Table 3. CFA model fit indices across all three measurement occasions.

Additionally, the engagement factors' convergent and discriminant validity were assessed across all three time points by examining the standardized factor pattern/structure coefficients, average variance extracted (AVE) for each factor, and factor correlations. Standardized factor pattern/structure coefficients and associated standard errors across all 3 years are shown in Table 4 and factor AVEs, correlations, and squared correlations are all shown in Table 5. Kline (2010) suggested that standardized factor pattern coefficients of at least 0.70 indicate good convergent validity. While the majority of items across the engagement subscales met or came close to meeting this threshold (see Table 4), certain items were problematic across time points, specifically items 13, 14, 15, 16, and 17. Regarding discriminant validity, although the squared factor correlations are relatively high compared to the AVEs in several cases (see Table 5), moderately high correlations between these engagement factors have also been observed in prior research (e.g., Skinner et al., 2009), suggesting that the correlations in the present study are consistent with existing theory. Furthermore, Kline (2010) suggested that as long as factor correlations are not excessively high (i.e., ≥0.90 in absolute value), that is evidence of adequate discriminant validity. Therefore, despite relatively low pattern coefficients for select items and high factor correlations in some cases, the current three-factor model demonstrated moderate convergent and discriminant validity across all three time points.

TABLE 4

Table 4. Standardized factor pattern/structure coefficients (and standard errors) for the CFA model across 3 years.

TABLE 5

Table 5. Discriminant validity analyses for the engagement measure CFA model across years 7, 8, and 9.

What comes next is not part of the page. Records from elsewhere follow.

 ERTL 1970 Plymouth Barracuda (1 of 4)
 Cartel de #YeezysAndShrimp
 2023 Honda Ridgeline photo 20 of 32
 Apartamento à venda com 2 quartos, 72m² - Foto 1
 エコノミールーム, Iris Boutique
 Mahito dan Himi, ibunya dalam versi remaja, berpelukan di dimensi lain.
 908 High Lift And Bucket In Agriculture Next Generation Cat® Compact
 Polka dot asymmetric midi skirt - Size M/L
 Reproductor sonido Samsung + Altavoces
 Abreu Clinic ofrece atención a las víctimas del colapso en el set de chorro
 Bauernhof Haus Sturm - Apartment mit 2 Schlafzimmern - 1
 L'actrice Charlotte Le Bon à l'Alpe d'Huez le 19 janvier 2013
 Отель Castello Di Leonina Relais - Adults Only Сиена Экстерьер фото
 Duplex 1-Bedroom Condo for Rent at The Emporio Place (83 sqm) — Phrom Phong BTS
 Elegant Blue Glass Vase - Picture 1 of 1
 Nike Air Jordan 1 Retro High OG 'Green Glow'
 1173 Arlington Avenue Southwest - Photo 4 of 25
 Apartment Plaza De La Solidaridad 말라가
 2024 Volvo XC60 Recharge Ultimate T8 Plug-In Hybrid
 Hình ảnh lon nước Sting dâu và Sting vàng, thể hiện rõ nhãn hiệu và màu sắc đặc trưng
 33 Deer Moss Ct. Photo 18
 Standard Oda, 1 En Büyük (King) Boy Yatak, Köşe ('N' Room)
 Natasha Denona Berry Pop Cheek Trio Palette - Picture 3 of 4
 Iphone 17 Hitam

The CFA structure described above was used as the factor structure in testing the longitudinal MI of the engagement measure across the 3 years. To do so, we followed a procedure recommended by Millsap (2011) and employed by previous MI researchers (e.g., Wu and Hughes, 2015). First, we examined the configural invariance of the measurement structures across the three time points. Next, we tested the metric invariance of items' factor loadings by comparing the model for a given year with the model of the previous year(s). This procedure has two advantages: (a) we can know if the parameters remain the same across the 3 years, and (b) we can detect at which years items become non-invariant. For example, first, we tested the metric invariance between year 7 and year 8 (Λ₇ = Λ₈), allowing the factor loadings for year 9 to be freely estimated. Then, we tested the metric invariance between all 3 years (Λ₇ = Λ₈ = Λ₉). After confirming the metric invariance assumption, we tested the scalar invariance assumption, the invariance of factor covariances, and the invariance of factor means using the same procedure.

To evaluate the longitudinal MI and compare the fit of the individual models, we used the chi-square difference test (Δχ²; Kline, 2010). However, because the chi-square test is highly sensitive to sample size, we also examined other overall and incremental indicators of model fit. We examined several overall indicators of model fit, such as the CFI, Tucker Lewis Index (TLI), root mean square error of approximation (RMSEA) and SRMR. Hu and Bentler (1999) suggested that values >0.95 for the CFI and TLI, values < 0.06 for the RMSEA, and values < 0.08 for the SRMR indicate good overall model fit. Though these are not intended to be hard-and-fast cutoff values, they can be used to guide interpretation of model fit. We also used two model fit indicators to examine the incremental changes in model fit across the longitudinal MI analyses, including change in the comparative fit index (ΔCFI) and the Tucker-Lewis index (ΔTLI); when ΔCFI ≤ 0.02 (Cheung and Rensvold, 2002) and ΔTLI ≤ 0.05 (Little, 1997), then the two comparative models are not substantially different from one another. Measurement invariance researchers suggest examining a variety of overall and incremental indicators when interpreting model fit and change (Vandenberg and Lance, 2000).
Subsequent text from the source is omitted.